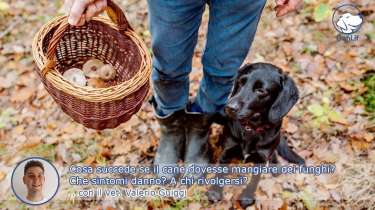 Cosa succede se il cane dovesse mangiare dei funghi?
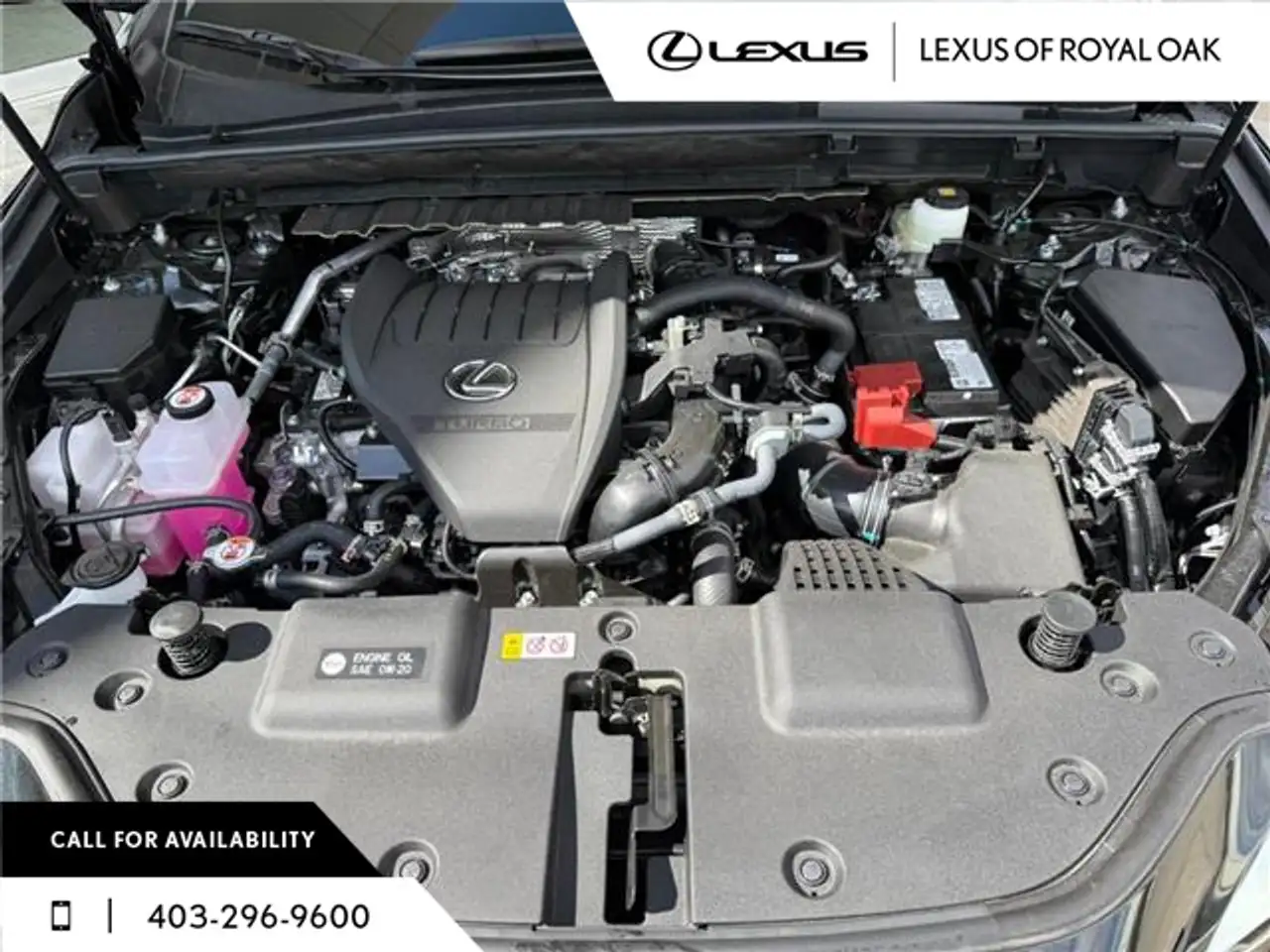 Lexus NX снимка Lexus NX
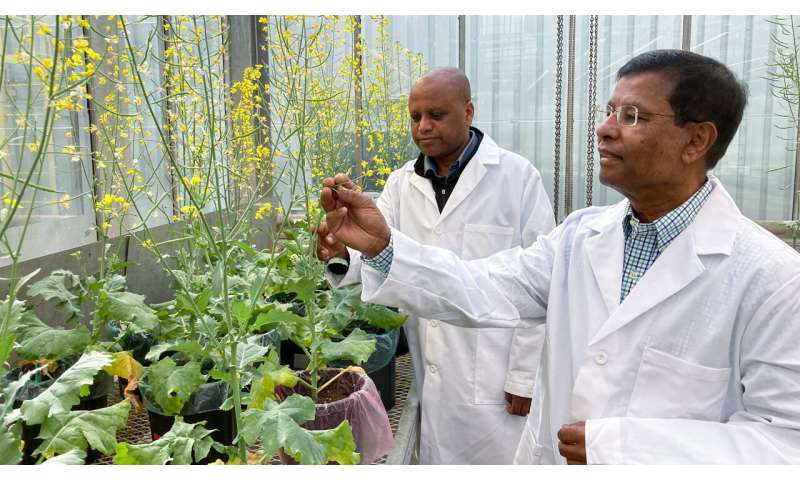 New canola research aims to boost yield, profitability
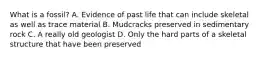 What is a fossil? A. Evidence of past life that can include skeletal as well as trace material B. Mudcracks preserved in sedimentary rock C. A really old geologist D. Only the hard parts of a skeletal structure that have been preserved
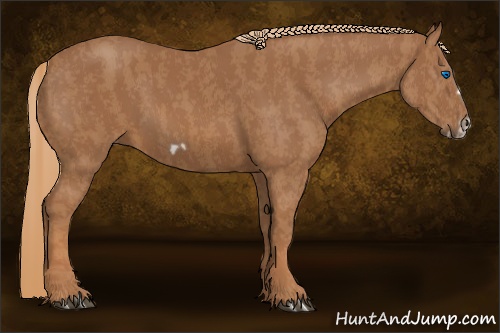 Horse Color: Chestnut Splash Frame  Brindle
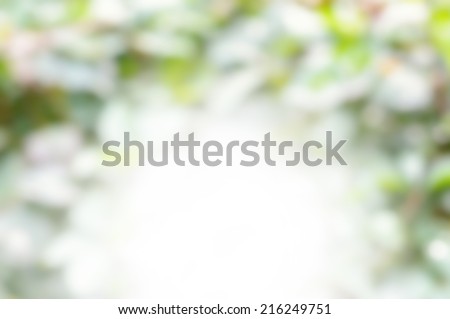 Natural green blurred background. De-focused green blurred background.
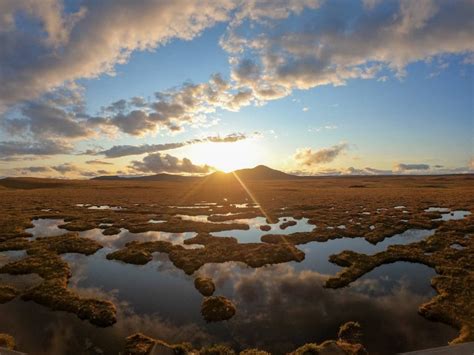 Peat In Whisky Everything You Need To Know Whisky Investment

────────────────

### YOUR GOAL
Starting from the line that has "Horse Color: Chestnut" and ending at the last line of the material above, every line should be output exactly; pictures are dropped and nothing else appears.

### TASK RESPONSE
 Horse Color: Chestnut Splash Frame  Brindle
 Natural green blurred background. De-focused green blurred background.
 Peat In Whisky Everything You Need To Know Whisky Investment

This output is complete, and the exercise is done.